DATA FOR PROCESSING below:

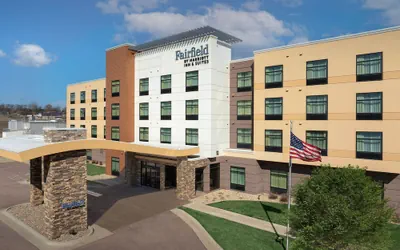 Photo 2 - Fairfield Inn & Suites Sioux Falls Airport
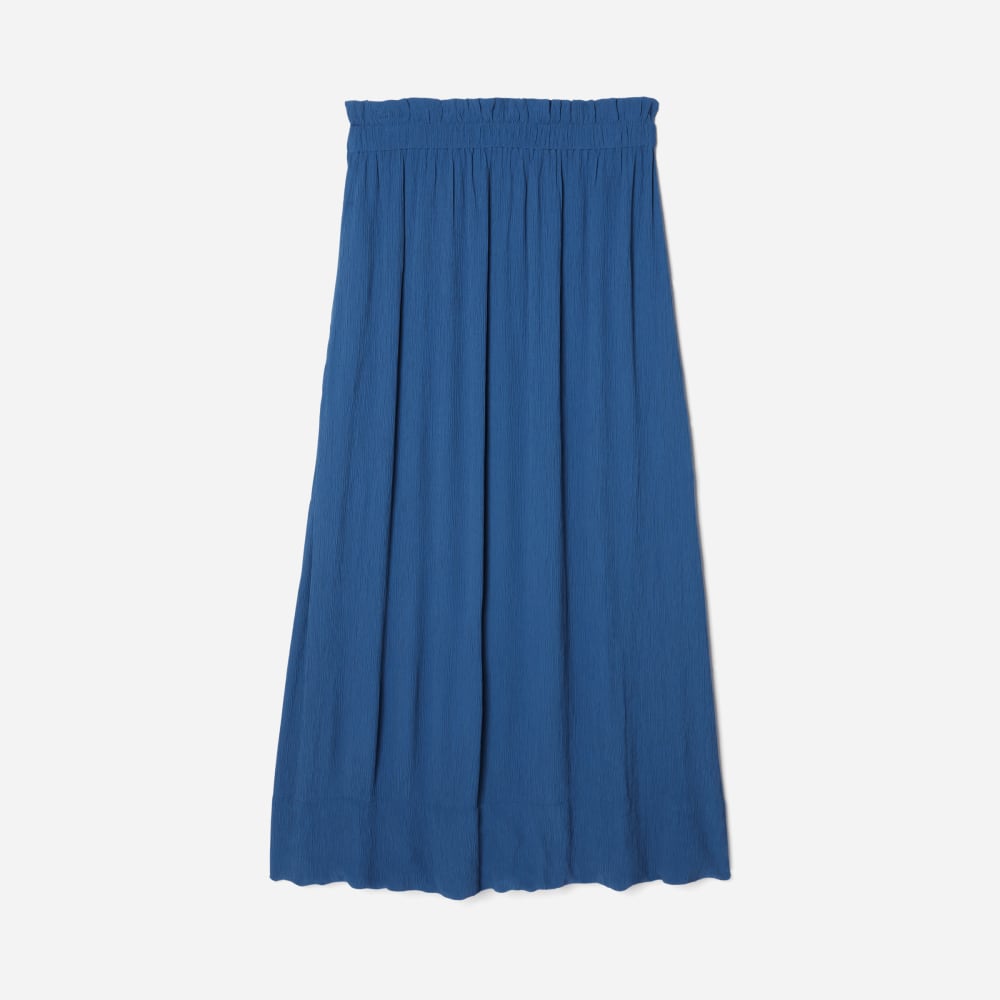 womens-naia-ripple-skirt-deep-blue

End of DATA FOR PROCESSING.
DATA FOR PROCESSING below:

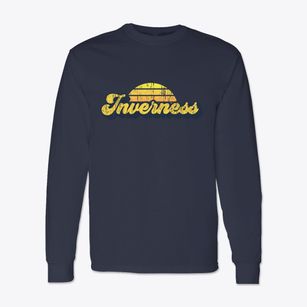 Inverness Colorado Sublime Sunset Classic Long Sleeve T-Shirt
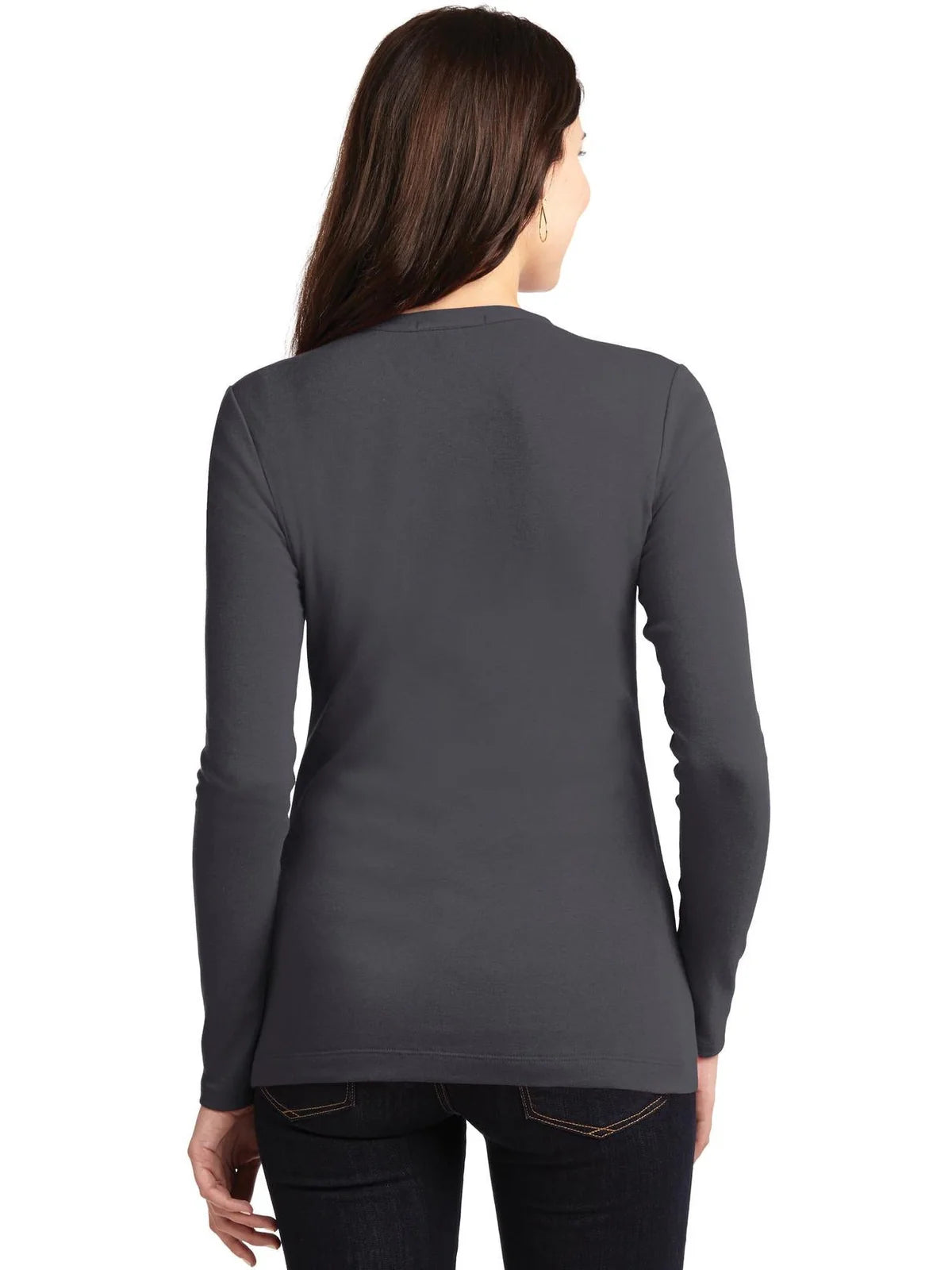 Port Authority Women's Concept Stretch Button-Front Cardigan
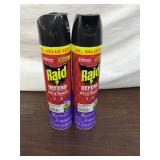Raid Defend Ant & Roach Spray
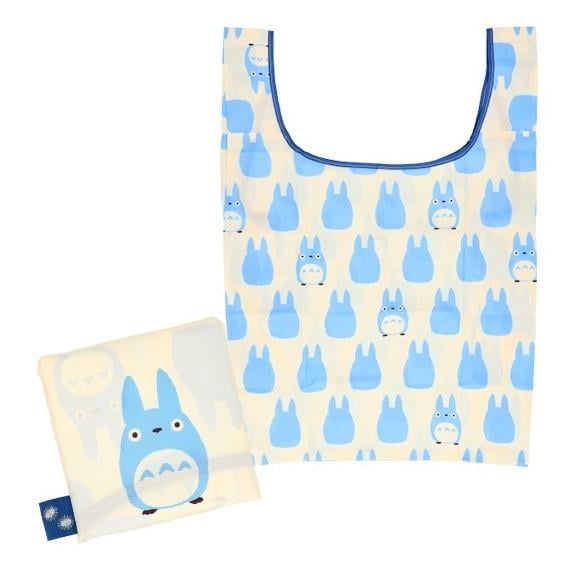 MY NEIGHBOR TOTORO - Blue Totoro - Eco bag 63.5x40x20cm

End of DATA FOR PROCESSING.

Looking at the listing above, which lines run from the one containing "Raid Defend Ant & Roach Spray" through the one containing "MY NEIGHBOR TOTORO"? Print exactly those, ends included, pictures excluded.

Raid Defend Ant & Roach Spray
 MY NEIGHBOR TOTORO - Blue Totoro - Eco bag 63.5x40x20cm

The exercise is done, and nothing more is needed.